TASK BRIEF: Only the lines from the one that contains "A kitchen with" through the last line of the data below should be duplicated, exactly and without pictures.

MATERIALS PROVIDED:

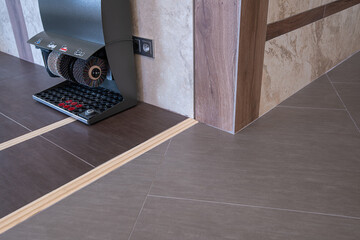 Electric machine for cleaning various types of shoes, LOCATED at the ENTRANCE to a LUXURY MODERN...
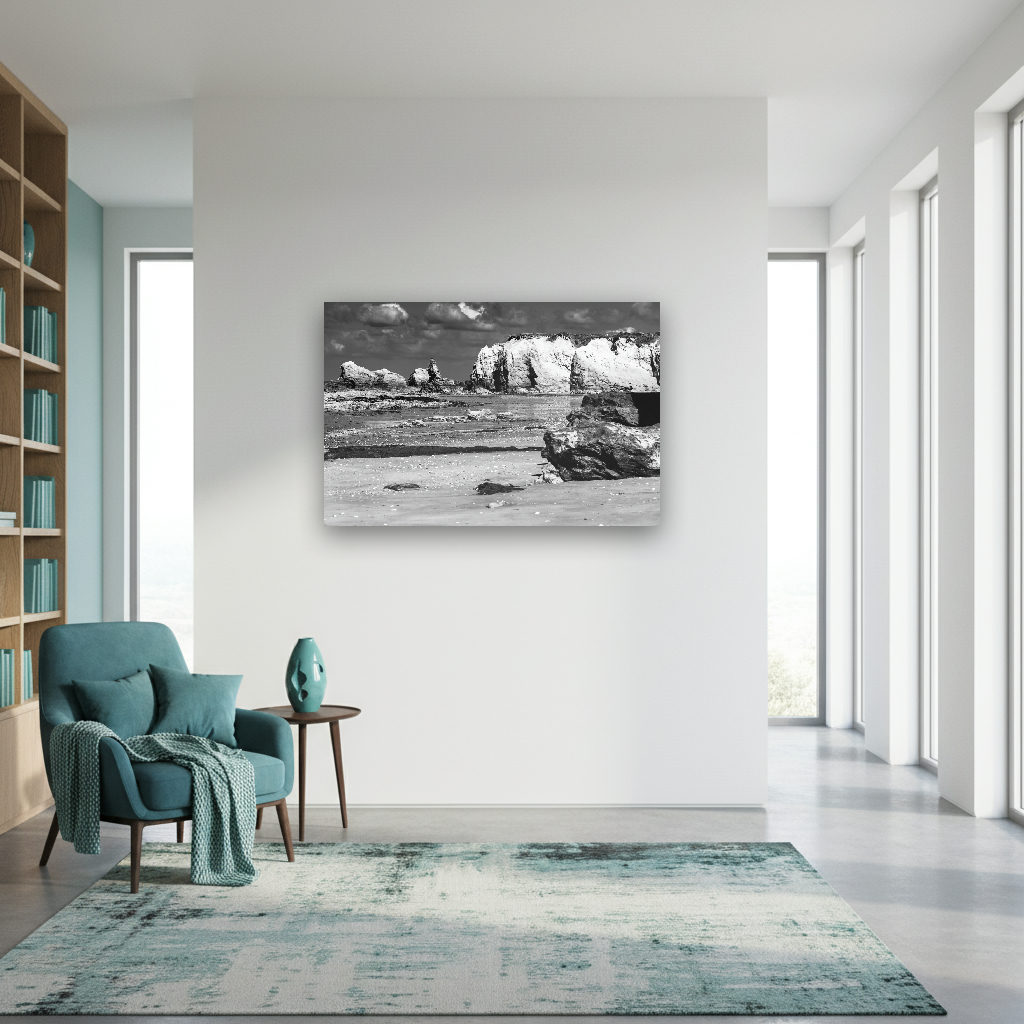 Schwarzweiß-Fotografie einer dramatischen Felsenküste in der Bretagne, Frankreich, mit markanten Felsen und ruhiger See im minimalistischen Stil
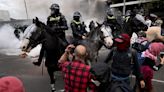 Protesters clash with police at Australia defense show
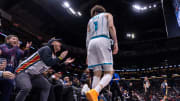 Jan 17, 2024; New Orleans, Louisiana, USA; New Orleans Pelicans fan laughs at Charlotte Hornets guard LaMelo Ball (1) as he looses the ball out of bounds during the second half at Smoothie King Center. Mandatory Credit: Stephen Lew-USA TODAY Sports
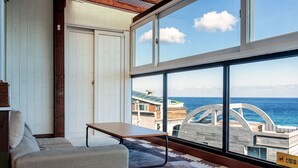 Une chambre moderne dotée d’une grande fenêtre, d’un canapé, d’une petite table et offrant une vue sur la mer et les bâtiments.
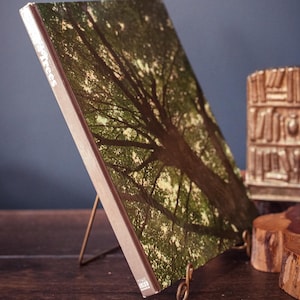 May include: A book titled "Trees" with a photograph of a tree canopy, displayed on a brass stand. The book's cover features a detailed image of tree branches and leaves. The book is propped up on a wooden surface.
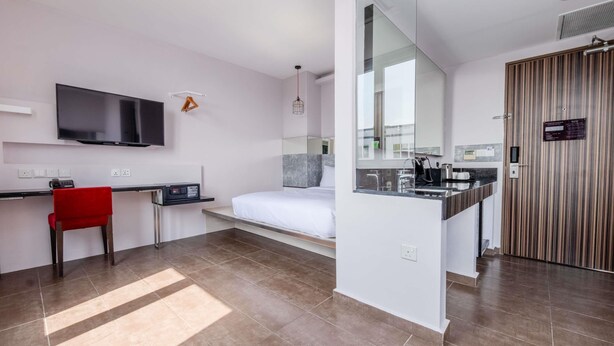 Una habitación de hotel moderna con una cama, un escritorio, un televisor, una silla roja y un baño con espejo y lavamanos.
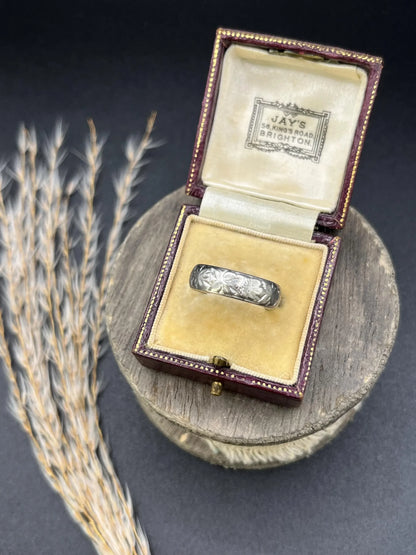 An engraved platinum wedding band ring, in an antique ring box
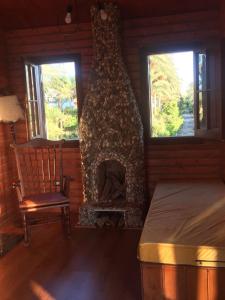 a living room with a fireplace and a chair at Jasmin Holiday House in Alexandria +53 photos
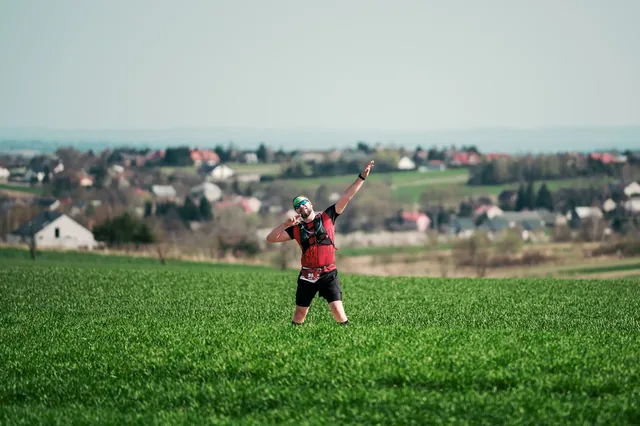 Runner with a raised arm in a green field with buildings behind.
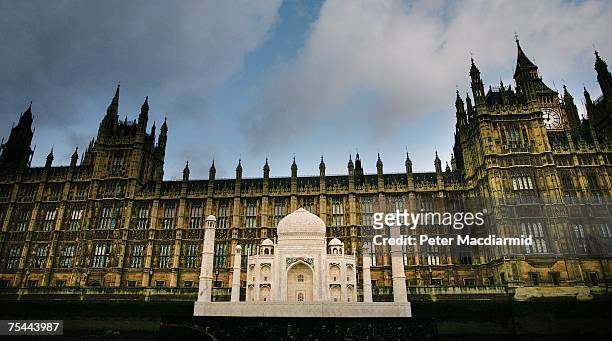 Replica of The Taj Mahal floats past Parliament on the River Thames on July 17, 2007 in London. The replica Taj is part of the India Now Festival,...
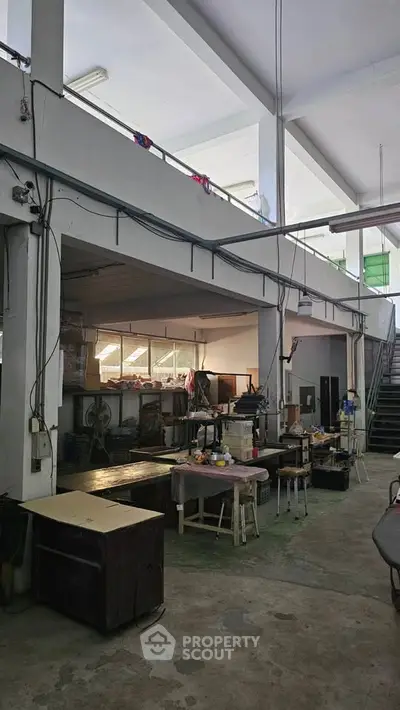 Spacious industrial warehouse interior with high ceilings and mezzanine level.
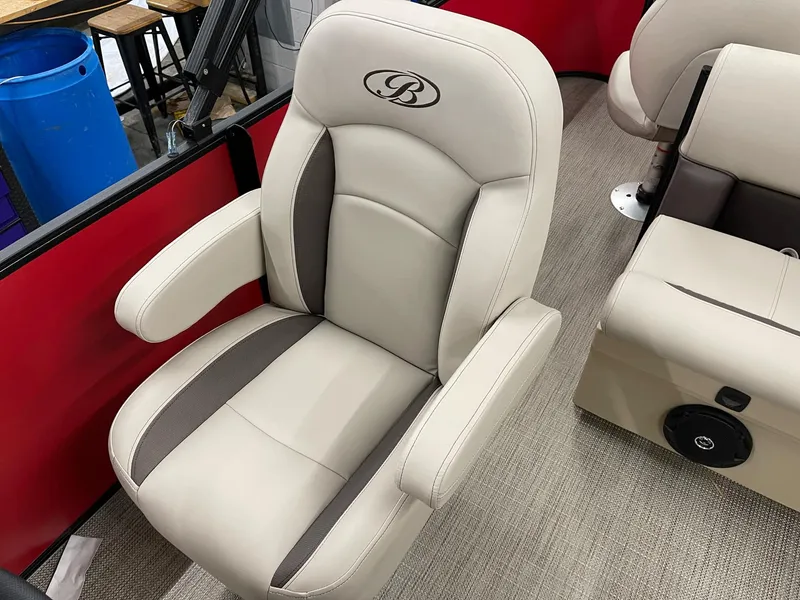 Slide: The Image of 2025 Bentley Pontoons 200 Fish-N-Cruise luxury boat seat with beige and brown upholstery. - 13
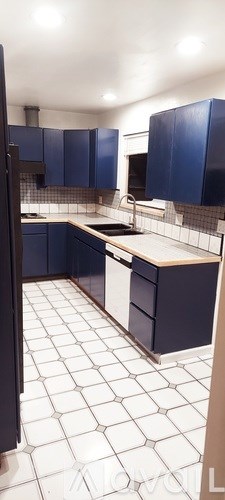 A kitchen with blue cabinets and white tiled floors.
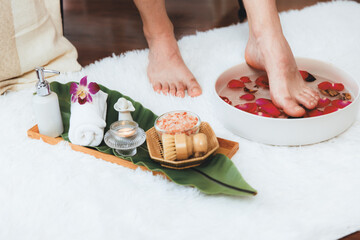 Man indulges in blissful foot massage at luxurious spa salon while masseur give reflexology therapy in gentle day light ambiance resort or hotel foot spa. Quiescent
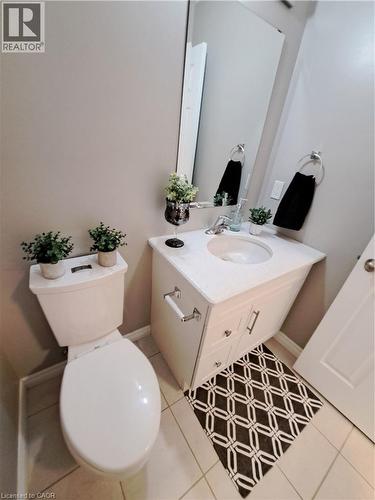 Bathroom featuring a white vanity with a built-in sink, chrome fixtures, and a wall-mounted mirror - 26 Wheat Lane, Kitchener, ON - Indoor Photo Showing Bathroom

SOLUTION FOR THIS EXERCISE:
 A kitchen with blue cabinets and white tiled floors.
 Man indulges in blissful foot massage at luxurious spa salon while masseur give reflexology therapy in gentle day light ambiance resort or hotel foot spa. Quiescent
 Bathroom featuring a white vanity with a built-in sink, chrome fixtures, and a wall-mounted mirror - 26 Wheat Lane, Kitchener, ON - Indoor Photo Showing Bathroom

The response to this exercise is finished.